__COLLECTED DATA__.
══════════
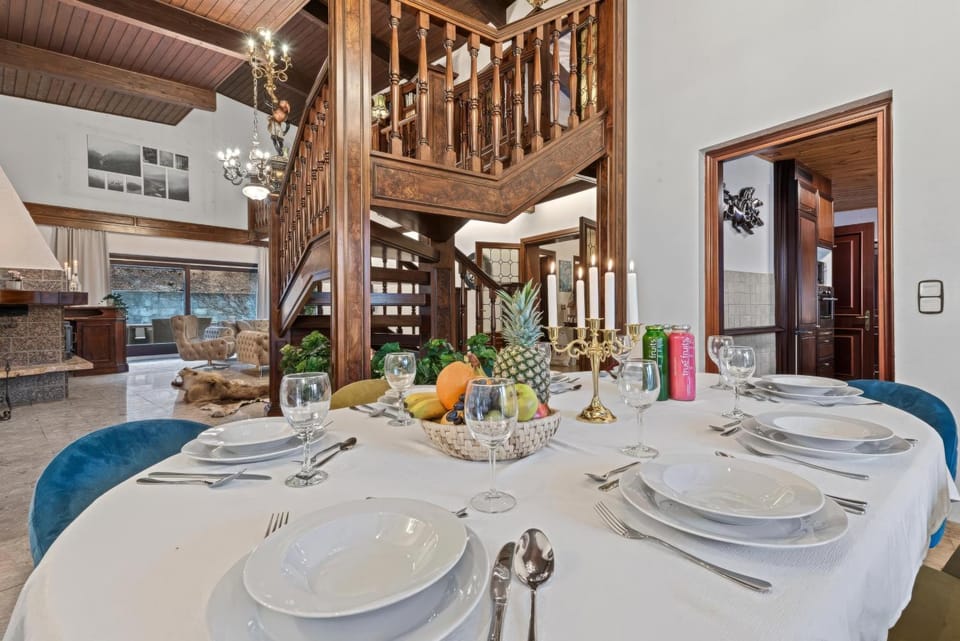 Food and drinks, Dining area, Food
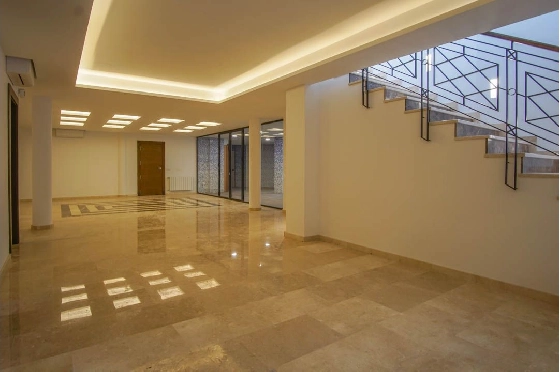 Villa in L-Alfas del Pi(Alfaz del PI Pueblo Urbanizaciones) zu verkaufen, Espace de vie 810 m², Terrain 1094 m², 5 Chambres &agrave; coucher, 6 Badezimmer, Pool, ref.: COB-7030ALF-10535-16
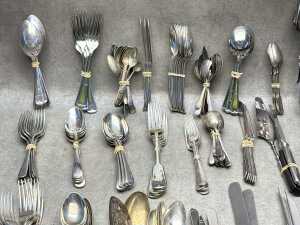 Assorted silver plated cutlery - 2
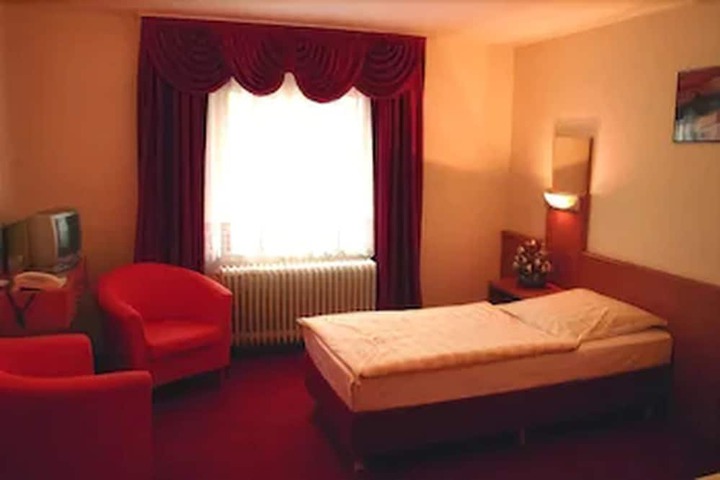 Room 8 of 41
══════════
Please give the data again in full, exactly as written, but without any images.

__EXERCISE RESULT__.
 Food and drinks, Dining area, Food
 Villa in L-Alfas del Pi(Alfaz del PI Pueblo Urbanizaciones) zu verkaufen, Espace de vie 810 m², Terrain 1094 m², 5 Chambres &agrave; coucher, 6 Badezimmer, Pool, ref.: COB-7030ALF-10535-16
 Assorted silver plated cutlery - 2
 Room 8 of 41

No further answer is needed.